According to Dmitri Vasiliev, director at Fitch Ratings, IBA still needs "additional capital support (at end-2016, its regulatory capital was negative) and some measures to hedge its substantial balance sheet open currency position". Just like other lenders in the country, the dollarisation of IBA's balance sheet is believed to stand at more than 60% for loans and 80% for deposits, a sign that confidence in the national currency is far from being restored.
In an email to bne IntelliNews, Vasiliev added that "even after these measures are taken, IBA may remain structurally lossmaking in the near term, in the absence of insufficient loan production. The bank has significant foreign liabilities, large amounts of funding from local depositors, and after it sells the remaining problem loans to the authorities [after its government takeover, IBA was to sell its bad assets to a state entity called Agrarkredit], IBA will need to build up a new loan book. But there is currently limited visibility about IBA's new lending strategy, as the demand for credits is limited given the slowdown in the economy."

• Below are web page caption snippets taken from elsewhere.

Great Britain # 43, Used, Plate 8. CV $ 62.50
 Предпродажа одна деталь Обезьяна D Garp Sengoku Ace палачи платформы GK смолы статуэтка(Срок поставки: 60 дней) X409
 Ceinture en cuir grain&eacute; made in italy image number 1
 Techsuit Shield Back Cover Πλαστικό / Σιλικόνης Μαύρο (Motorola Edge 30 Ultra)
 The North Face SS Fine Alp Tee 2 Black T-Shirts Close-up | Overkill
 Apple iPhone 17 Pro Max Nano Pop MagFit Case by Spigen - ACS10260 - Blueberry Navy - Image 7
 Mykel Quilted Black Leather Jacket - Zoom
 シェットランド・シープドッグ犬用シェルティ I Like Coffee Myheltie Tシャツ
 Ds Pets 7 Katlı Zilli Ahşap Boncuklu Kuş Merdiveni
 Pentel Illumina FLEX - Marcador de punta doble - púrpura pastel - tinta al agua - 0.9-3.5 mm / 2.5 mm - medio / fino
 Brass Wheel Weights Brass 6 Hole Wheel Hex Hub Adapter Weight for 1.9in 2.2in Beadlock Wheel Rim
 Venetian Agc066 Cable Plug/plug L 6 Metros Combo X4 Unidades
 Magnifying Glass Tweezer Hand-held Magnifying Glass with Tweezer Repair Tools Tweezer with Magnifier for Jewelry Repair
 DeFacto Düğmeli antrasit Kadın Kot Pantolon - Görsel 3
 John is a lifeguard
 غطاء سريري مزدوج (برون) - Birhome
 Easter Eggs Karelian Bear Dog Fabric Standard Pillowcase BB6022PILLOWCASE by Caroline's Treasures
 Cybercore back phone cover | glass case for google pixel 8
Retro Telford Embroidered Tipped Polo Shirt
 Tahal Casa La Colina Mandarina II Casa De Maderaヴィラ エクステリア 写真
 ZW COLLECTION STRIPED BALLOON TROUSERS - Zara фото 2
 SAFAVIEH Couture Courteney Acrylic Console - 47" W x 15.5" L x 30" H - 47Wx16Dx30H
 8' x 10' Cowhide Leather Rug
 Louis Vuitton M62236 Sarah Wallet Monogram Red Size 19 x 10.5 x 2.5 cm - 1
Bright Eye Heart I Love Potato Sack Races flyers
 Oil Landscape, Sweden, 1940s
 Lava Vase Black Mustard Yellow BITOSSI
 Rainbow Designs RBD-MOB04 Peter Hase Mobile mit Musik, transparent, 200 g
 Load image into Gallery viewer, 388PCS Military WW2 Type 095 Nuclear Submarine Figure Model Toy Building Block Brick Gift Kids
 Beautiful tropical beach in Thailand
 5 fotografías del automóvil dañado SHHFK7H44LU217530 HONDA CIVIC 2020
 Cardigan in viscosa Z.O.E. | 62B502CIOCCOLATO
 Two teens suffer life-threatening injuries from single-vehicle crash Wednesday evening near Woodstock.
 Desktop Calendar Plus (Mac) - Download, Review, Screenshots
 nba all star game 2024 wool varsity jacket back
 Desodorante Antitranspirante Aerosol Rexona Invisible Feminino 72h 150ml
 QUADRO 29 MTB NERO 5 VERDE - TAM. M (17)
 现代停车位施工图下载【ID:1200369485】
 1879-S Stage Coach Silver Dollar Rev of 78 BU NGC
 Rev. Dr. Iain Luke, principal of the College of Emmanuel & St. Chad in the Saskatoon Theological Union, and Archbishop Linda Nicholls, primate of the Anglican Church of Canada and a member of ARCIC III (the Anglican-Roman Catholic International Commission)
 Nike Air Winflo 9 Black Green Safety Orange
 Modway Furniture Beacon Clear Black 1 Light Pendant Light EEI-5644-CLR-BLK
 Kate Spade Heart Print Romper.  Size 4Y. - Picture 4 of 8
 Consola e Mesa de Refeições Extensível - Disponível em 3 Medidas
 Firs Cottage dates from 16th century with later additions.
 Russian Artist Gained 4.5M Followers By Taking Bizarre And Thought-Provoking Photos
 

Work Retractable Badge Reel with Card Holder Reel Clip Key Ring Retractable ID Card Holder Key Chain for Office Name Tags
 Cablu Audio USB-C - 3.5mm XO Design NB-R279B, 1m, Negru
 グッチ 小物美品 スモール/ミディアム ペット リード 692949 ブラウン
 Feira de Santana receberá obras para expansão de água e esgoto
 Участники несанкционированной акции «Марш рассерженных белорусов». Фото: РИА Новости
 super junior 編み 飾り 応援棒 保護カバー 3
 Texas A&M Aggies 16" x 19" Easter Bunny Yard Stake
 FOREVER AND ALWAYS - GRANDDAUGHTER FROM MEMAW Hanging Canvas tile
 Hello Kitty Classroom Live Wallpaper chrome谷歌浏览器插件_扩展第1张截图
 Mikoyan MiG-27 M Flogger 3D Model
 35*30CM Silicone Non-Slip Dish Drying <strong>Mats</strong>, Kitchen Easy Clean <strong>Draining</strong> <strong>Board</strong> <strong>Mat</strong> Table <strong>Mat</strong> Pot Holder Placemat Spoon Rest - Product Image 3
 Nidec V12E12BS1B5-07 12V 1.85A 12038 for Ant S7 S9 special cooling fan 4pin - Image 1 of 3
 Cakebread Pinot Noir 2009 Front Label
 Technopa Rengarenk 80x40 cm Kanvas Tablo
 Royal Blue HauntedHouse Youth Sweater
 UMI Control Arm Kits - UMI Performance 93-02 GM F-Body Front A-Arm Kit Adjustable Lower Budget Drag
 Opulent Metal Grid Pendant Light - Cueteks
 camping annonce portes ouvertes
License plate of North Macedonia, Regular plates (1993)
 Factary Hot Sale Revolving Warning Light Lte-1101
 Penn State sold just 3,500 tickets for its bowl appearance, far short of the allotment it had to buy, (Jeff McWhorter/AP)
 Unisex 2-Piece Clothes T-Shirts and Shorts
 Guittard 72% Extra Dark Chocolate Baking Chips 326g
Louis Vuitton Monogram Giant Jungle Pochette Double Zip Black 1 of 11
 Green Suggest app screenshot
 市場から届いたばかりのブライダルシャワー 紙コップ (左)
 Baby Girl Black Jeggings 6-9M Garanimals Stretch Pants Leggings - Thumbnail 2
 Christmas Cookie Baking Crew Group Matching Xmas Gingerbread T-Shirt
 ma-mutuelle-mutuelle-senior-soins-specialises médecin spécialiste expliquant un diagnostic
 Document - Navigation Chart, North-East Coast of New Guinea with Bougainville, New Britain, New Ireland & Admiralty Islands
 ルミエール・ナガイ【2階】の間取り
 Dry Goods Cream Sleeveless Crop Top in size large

Local banking sources in Baku have told bne IntelliNews that they remain wary of the outlook for their banks. "At the moment, businesses are exchanging dollars to manats to pay their taxes for last year – the tax payment deadline is at the end of March. Starting in April, we expect the depreciation to continue," a banker that asked to remain unnamed said.
The source mentioned that there are still some banks that do not meet the minimum regulatory capital requirement of AZN50mn demanded by the regulator – among them Rabita Bank, Nikoil Bank, the local subsidiary of Iran's Bank Melli and BTB Bank. Whether or not those lenders will have their licenses revoked, joining the 10 that lost their licenses in 2016, is unclear. Furthermore, more than a dozen lenders missed the February deadline to submit their financial results to the central bank, which, in the past, has indicated that those lenders were in some sort of financial trouble.
Vasiliev says that Fitch also does not know what to expect in 2017. While the agency predicts renewed capital shortfalls in the sector this year – the ratio of non-performing loans (NPLs) in the banks' lending portfolios stands at more than 20% at the moment – whether or not banks will lose their licenses over this appears to be a matter of having the right connections.
"Regulatory forbearance from the central bank used to be available for many banks in the sector, including smaller lenders, and the banking resolution mechanism is not transparent. We believe that the decision on whether to revoke a [lender's] license or not may be largely based on the relations between banks' shareholders, its management and largest creditors with the authorities. As such, smaller banks may be at greater risk of license withdrawal in case of capital shortfall," he writes.
Meanwhile, a report seen by bne IntelliNews detailing the number of branches that lenders have in the country indicates that some are either consolidating or planning their exit. The local subsidiary of Russia's VTB Bank, in particular, saw a dramatic decline in the number of branches from 17 to 9 over the course of 2016.
The number of branches, however, is not always indicative of the lender's standing. Accessbank, a lender majority owned by international financial institutions (IFIs), largely preserved its branches in 2016 (the number went down by one to 40), but is, according to Fitch, another bank that has "failed".
The good news, according to analysts, is that the Azerbaijani banking sector remains small enough at slightly over 50% of GDP for any clean-up to be manageable. And Baku, which rests on savings of over $33bn in its sovereign wealth fund, should not have major issues bailing out lenders if and when needs be.
While that may be reassuring for the country's economic stability, the fact that the government can swallow them up in the event of a default, is, of course, little consolation for the small banks in the country.